Franchement, accélérer l'élimination de l'alcool, c'est un peu le serpent qui se mord la queue. On a tous rêvé d'une pilule miracle après une soirée un peu trop arrosée, non ? Mais la vérité, c'est qu'il n'y a pas de raccourci.

Le temps, c'est vraiment le seul remède. J'ai testé des "solutions" (beaucoup d'eau, café...) après une soirée mémorable au bar "Le Zinc" à Paris, en mars 2022 (la note était salée, 65€ juste pour moi !), et rien n'a marché mieux que la patience.

Le foie, ce brave organe, fait le gros du travail. On parle d'une élimination de 0,1 à 0,15 g/l/heure pour la plupart des gens. C'est lent, c'est frustrant, mais c'est comme ça. C'est lui qui gère 95% de l'alcool que tu as ingurgité. Le reste, c'est par la respiration et l'urine, des broutilles quoi.

Alors, la prochaine fois, peut-être penser à alterner eau et alcool ? ???? C'est mon conseil de vieux routard des soirées parisiennes.

Est-ce que boire de leau fait baisser le taux dalcool ?

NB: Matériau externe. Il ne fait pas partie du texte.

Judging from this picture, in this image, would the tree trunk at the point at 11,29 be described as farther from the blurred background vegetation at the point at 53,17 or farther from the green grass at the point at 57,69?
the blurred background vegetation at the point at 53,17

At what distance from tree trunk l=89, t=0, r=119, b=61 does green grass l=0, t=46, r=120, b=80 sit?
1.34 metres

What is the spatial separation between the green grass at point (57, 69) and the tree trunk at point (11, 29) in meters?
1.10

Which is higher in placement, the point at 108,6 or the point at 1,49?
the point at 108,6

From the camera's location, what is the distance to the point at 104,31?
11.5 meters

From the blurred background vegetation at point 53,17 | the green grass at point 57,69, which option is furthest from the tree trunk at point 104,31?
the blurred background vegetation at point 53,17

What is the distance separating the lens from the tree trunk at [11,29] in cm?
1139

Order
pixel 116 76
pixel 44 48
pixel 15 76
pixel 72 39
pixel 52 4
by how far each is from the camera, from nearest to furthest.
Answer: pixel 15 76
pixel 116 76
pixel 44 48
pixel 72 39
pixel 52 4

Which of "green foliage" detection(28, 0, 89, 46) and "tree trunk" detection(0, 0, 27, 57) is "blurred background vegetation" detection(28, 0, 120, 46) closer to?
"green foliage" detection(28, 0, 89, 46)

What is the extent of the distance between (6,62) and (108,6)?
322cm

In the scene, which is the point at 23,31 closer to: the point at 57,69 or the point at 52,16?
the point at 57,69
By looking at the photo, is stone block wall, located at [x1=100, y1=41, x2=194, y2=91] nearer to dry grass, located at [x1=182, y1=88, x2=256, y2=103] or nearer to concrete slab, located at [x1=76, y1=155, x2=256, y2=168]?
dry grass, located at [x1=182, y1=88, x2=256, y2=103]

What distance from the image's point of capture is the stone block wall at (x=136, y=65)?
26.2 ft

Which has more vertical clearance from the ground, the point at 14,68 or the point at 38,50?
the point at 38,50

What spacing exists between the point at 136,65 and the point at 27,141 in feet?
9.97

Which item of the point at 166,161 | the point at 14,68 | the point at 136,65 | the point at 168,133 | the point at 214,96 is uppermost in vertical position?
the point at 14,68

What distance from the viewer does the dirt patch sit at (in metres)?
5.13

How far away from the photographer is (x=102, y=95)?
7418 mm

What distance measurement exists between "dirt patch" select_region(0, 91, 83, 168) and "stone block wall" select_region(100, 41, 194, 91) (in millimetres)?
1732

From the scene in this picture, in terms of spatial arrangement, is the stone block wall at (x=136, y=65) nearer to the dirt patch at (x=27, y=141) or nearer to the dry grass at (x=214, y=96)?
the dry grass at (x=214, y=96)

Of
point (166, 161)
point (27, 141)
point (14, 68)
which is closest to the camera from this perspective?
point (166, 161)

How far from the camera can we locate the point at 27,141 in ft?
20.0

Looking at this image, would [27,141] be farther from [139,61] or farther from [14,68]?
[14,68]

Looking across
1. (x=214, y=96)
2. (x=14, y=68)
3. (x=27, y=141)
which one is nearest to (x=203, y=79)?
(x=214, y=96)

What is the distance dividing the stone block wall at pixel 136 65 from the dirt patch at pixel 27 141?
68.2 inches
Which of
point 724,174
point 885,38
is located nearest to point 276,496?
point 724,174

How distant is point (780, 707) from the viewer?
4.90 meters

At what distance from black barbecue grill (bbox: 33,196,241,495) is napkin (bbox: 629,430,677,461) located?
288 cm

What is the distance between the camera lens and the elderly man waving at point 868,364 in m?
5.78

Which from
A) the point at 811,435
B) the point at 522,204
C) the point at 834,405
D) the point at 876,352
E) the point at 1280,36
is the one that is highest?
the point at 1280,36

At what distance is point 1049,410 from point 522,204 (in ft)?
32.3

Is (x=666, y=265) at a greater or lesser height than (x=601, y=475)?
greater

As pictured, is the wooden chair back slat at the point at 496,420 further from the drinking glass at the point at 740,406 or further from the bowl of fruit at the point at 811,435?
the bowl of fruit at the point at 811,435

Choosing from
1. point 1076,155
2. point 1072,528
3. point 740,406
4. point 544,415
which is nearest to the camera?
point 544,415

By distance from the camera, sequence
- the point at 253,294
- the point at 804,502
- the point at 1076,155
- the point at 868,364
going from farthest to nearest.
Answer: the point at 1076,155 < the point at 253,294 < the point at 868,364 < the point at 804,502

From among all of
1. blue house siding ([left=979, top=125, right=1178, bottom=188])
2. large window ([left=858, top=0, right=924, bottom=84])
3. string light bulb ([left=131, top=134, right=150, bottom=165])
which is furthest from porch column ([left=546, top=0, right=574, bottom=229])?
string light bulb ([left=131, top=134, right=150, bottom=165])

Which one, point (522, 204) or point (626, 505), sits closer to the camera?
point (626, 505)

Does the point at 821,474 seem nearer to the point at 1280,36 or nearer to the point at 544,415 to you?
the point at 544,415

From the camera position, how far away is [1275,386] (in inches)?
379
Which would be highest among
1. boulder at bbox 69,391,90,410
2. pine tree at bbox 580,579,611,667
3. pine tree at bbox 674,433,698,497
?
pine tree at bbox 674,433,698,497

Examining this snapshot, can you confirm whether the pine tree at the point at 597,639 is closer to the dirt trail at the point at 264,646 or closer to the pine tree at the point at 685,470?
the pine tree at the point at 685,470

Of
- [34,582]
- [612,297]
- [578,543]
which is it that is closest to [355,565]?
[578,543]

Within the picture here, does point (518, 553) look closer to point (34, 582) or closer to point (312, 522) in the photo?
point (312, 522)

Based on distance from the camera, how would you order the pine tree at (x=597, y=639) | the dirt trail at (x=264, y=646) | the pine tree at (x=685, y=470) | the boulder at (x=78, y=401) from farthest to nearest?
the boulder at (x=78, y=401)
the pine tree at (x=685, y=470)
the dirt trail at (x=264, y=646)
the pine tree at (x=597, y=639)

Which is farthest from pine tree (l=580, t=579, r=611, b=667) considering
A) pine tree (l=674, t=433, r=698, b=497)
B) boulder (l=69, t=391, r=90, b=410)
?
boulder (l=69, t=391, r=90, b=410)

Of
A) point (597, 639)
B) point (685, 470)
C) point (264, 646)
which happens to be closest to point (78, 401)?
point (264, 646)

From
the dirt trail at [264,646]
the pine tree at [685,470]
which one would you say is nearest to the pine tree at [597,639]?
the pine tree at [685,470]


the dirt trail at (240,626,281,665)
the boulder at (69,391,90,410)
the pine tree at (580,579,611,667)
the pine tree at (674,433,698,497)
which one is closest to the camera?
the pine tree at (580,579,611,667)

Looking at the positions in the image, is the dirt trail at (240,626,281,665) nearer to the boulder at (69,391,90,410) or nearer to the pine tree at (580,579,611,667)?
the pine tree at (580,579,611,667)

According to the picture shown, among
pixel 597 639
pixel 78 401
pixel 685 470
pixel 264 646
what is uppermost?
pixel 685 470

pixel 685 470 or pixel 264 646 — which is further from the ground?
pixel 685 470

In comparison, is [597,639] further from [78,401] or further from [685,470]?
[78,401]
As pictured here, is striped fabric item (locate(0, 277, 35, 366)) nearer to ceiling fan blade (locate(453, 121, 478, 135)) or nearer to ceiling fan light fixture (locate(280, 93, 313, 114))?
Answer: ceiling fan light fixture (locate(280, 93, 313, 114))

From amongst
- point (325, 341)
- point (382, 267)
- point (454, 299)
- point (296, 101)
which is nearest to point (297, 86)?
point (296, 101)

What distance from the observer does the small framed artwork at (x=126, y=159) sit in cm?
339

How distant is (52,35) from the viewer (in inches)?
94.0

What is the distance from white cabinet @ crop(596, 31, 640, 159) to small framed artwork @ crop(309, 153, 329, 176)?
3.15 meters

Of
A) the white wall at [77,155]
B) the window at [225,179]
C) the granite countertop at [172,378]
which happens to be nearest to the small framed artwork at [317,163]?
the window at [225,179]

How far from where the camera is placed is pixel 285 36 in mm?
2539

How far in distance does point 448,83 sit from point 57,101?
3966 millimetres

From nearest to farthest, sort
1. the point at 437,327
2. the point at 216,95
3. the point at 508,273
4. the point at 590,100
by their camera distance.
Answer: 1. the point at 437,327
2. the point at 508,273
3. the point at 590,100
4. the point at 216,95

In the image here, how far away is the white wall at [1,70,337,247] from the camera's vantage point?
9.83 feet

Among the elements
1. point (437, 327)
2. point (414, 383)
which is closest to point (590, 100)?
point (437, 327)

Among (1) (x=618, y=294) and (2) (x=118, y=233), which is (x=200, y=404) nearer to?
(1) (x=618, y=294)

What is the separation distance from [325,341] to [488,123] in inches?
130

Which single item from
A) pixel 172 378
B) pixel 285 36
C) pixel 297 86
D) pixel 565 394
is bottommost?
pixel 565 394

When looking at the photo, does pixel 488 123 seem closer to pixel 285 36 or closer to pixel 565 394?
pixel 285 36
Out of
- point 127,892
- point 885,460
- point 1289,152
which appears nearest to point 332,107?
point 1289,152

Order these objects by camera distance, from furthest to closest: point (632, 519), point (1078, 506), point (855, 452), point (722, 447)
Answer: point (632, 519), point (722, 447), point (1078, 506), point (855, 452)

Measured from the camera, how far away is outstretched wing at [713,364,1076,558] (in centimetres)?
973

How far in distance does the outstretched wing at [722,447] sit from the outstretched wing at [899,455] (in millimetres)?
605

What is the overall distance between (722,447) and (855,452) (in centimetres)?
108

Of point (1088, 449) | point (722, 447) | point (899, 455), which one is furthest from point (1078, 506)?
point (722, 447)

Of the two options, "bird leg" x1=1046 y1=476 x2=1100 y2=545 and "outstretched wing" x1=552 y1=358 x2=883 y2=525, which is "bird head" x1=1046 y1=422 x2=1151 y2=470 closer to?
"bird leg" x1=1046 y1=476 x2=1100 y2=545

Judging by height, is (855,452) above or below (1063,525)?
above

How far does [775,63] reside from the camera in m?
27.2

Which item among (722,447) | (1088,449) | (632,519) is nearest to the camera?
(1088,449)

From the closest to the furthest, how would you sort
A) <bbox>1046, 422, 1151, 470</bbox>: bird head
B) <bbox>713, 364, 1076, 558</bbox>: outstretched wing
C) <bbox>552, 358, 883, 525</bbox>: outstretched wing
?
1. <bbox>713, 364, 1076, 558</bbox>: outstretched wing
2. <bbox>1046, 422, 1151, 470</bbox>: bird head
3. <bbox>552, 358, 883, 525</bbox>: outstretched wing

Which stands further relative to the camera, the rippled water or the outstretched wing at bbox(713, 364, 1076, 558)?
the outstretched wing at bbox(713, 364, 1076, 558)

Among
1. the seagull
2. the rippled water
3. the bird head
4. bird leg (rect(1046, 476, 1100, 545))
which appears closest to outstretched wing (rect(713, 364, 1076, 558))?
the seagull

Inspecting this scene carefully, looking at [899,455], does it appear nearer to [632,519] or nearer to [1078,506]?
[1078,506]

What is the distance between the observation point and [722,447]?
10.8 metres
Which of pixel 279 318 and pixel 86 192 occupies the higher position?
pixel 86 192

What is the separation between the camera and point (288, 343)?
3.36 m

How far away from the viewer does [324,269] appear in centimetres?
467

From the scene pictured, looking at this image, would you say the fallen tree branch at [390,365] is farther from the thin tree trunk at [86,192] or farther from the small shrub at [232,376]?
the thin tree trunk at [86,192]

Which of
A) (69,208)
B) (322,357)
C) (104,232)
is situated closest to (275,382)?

Non, boire de l'eau ne réduit pas le taux d'alcool dans le sang. C'est une idée reçue tenace ! En gros, l'eau n'accélère pas le processus d'élimination de l'alcool par le foie, c'est lui le vrai boulot.

Par contre, et c'est là que ça devient intéressant, l'eau peut atténuer les effets de la fameuse "gueule de bois". Imagine, l'alcool déshydrate un max. Se réhydrater aide à limiter les maux de tête et ce sentiment général de "j'ai été renversé par un camion" le lendemain. C'est un peu comme réparer les dégâts collatéraux.

  • L'alcoolémie, c'est une affaire de temps et de foie.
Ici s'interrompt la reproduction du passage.